PROMPT
No pictures go into the copy. Write out exactly the lines below from the one containing "Thermometer Hygrometer Indoor" through the one containing "Educational Attainment by".

MATERIAL FOR THIS EXERCISE
☆ ☆ ☆

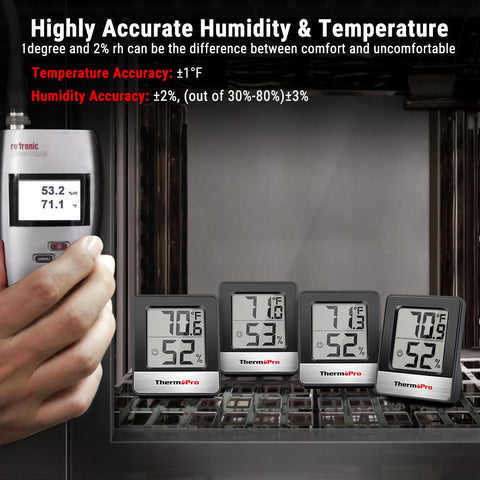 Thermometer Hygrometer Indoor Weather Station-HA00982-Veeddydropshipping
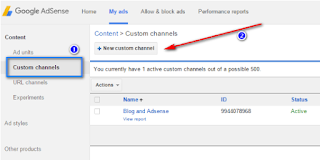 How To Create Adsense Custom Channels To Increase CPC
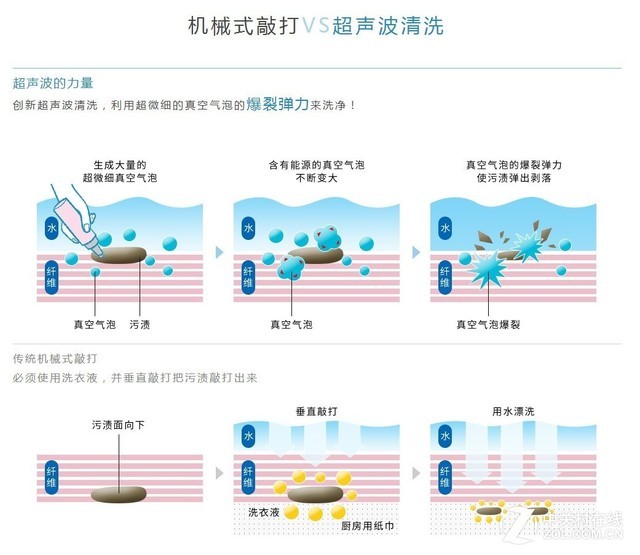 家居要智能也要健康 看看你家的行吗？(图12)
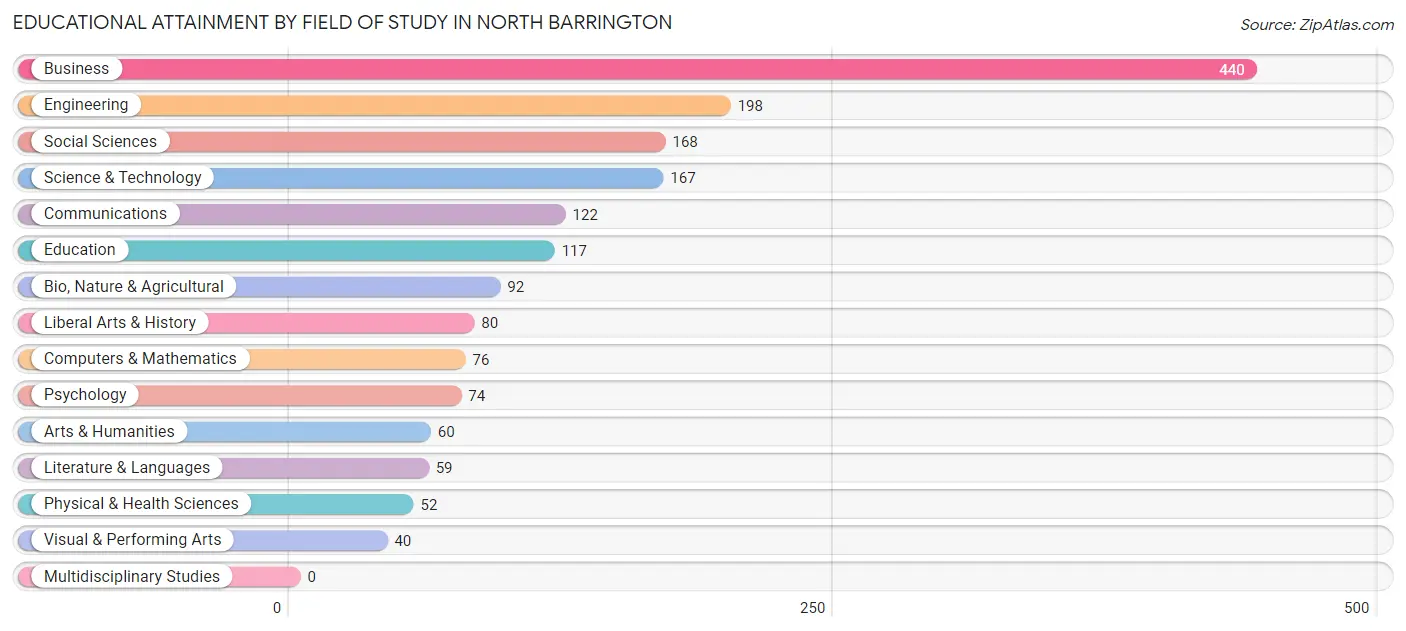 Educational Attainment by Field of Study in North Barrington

☆ ☆ ☆

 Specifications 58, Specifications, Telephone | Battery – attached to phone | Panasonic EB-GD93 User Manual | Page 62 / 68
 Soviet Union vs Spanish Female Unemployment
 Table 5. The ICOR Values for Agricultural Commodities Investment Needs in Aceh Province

☆ ☆ ☆

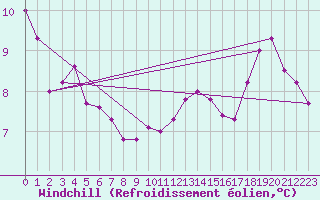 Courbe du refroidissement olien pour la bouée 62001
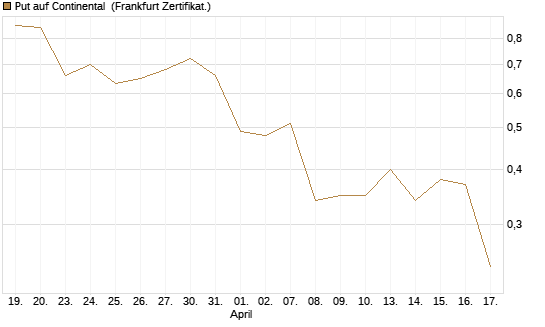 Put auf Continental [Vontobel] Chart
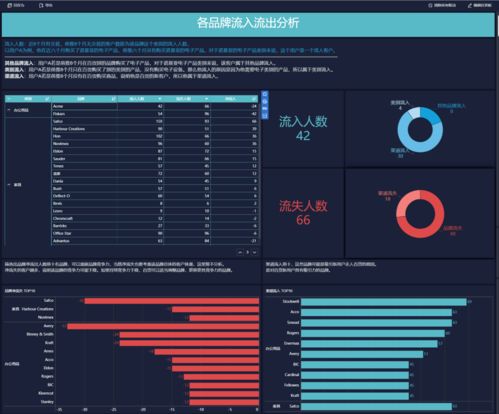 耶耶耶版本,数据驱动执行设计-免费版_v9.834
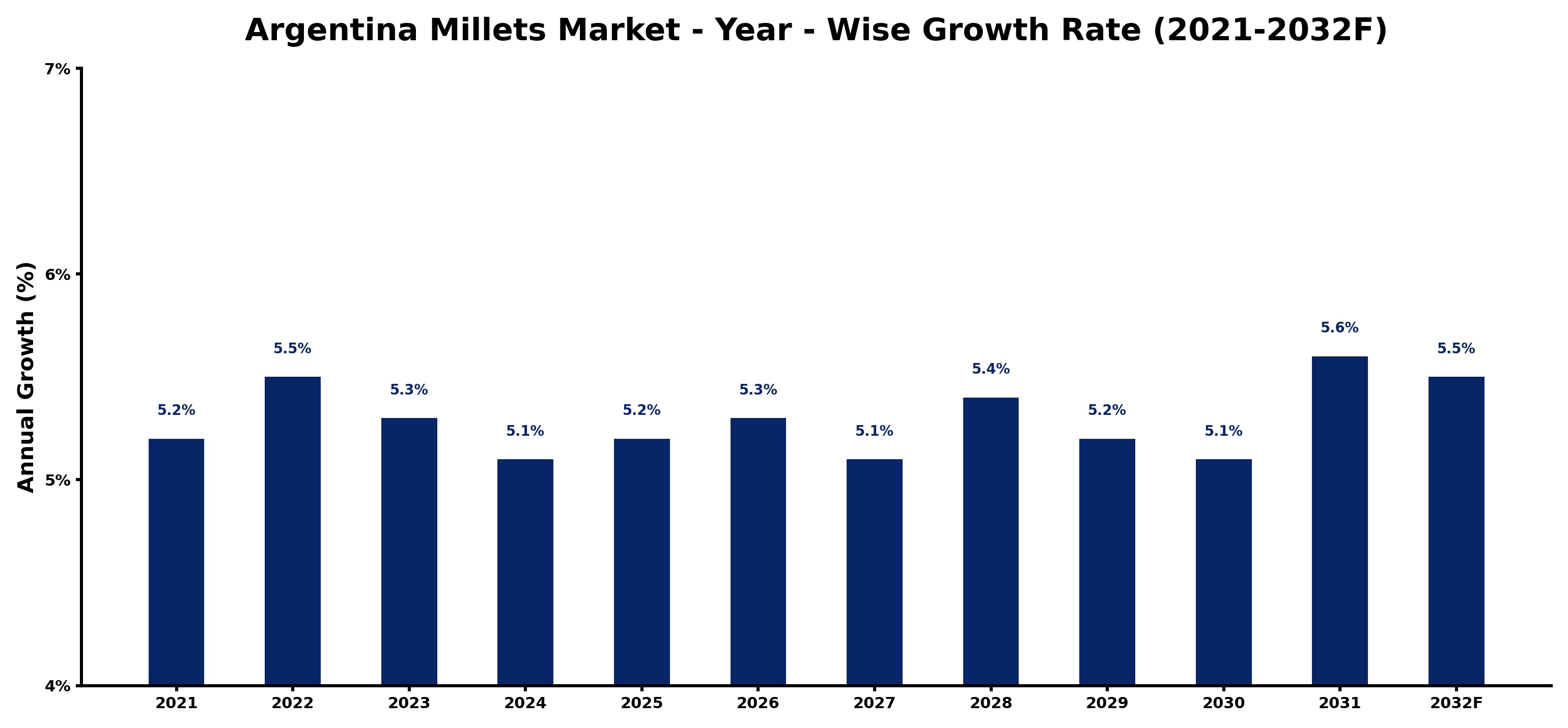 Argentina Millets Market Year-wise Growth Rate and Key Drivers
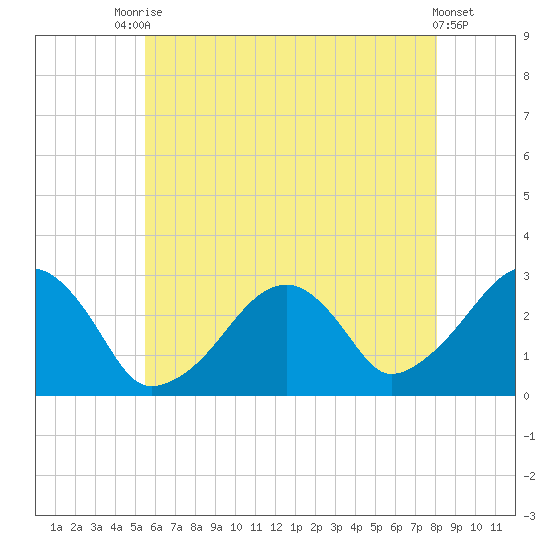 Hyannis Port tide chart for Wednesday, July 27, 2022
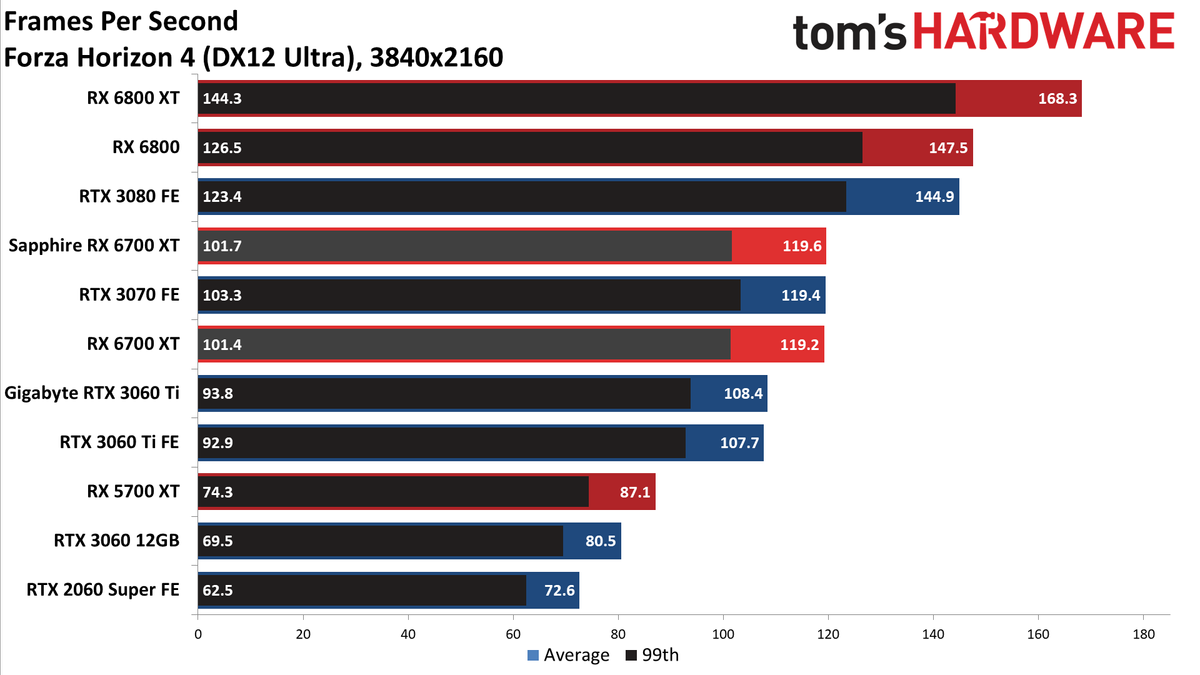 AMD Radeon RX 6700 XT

☆ ☆ ☆

EXPECTED OUTPUT
 Thermometer Hygrometer Indoor Weather Station-HA00982-Veeddydropshipping
 How To Create Adsense Custom Channels To Increase CPC
 家居要智能也要健康 看看你家的行吗？(图12)
 Educational Attainment by Field of Study in North Barrington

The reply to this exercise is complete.